You seem perpetually to suggest that logical proofs are not worthwhile, which I think is an awfully weird position to hold.

but at the cost of explaining nothing (and, by the way, rendering revelation superfluous).

What, oh what, *can* you mean by this?

Bruce Charlton said...

@SJ - If it works for you - fine. I'm trying to do something else - I'm trying to do theology in the 'pragmatism' school/ style of William James; using different metaphysical presuppositions. Why? Because they solve some of the metaphysical problems which lie nearest the core of Christianity, while pragmatism provides a clear and coherent explanation of the core things - I mean how God can be wholly Good, yet there is vast suffering, how Men have free will, what is the relationship of God the Father, Jesus Christ, and Man - in other words pragmatism solves the toughest and most faith destroying (and divisive) problems with Classical Metaphysics. Pragmatism has its own problems, but these are not at the core of Christian belief - so I think it is - on the whole - better!

DougCLind said...

Ok, I'm no philosopher so I don't get what all your terms imply, however when you use the word "everything", that IS a word I can wrap my mind around. Seems to me like you're trying to combine the idea of potentially explaining everything and actually explaining everything. I have no idea what this "classical theological explanation of God" is. I just read the Bible and see what's there. And what IS there is "in whom we live and move and have our very being", and "for by him all things were created ... and in him all things hold together." So he is a super intelligent being who lives outside of space and time, since he created them.

Knowing or believing this doesn't give you any understanding of Einsteinian Relativity or of quantum mechanics or of any other scientific discipline. But we can see in the Bible that God is a god of order and that leads to the belief that what he created follows orderly principles. That belief is behind all scientific investigation and it also leads to the belief that everything could eventually be understood.

So the description of God in the Bible potentially explains everything. In actuality it DOES explain what we see in human nature and it DOES explain, in general principles, how everything got to be the way it is, i.e. the origin of the earth and why human nature is what it is. But it explains nothing in terms of the specifics of chemistry and physics, for example.

As a contrast, the "theory" of evolution is one that is so vague that it can explain everything, even contradictory observations such as the sulfur bacteria which supposedly showed no change over 2 1/2 billion years. So it IS an example of theory which supposedly explains everything but in actuality explains nothing. And the closer and more objectively you look, the worse it gets. It's PROponents specialize in bluster, bombast, and baloney (or bluff.)
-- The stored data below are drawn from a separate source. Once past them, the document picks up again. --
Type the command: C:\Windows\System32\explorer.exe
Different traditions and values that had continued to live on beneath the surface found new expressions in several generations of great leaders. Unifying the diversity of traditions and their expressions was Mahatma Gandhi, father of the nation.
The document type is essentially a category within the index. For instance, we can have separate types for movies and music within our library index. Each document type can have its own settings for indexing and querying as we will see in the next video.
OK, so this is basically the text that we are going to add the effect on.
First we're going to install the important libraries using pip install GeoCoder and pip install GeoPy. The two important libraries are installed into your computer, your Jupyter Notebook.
The biblical description of God is the opposite. The closer and more objectively you look, the better it gets. It's OPPONENTS specialize in bluster, bombast, and baloney (or bluff.) So I don't know about the classical description of God but the biblical one doesn't really fit the description of being immune from observation and experience. As a matter of fact the biblical God invites investigation: "taste and see that the Lord is good." So maybe the problem is relying on "classical theology." Better to just stick with the Bible and get on with things.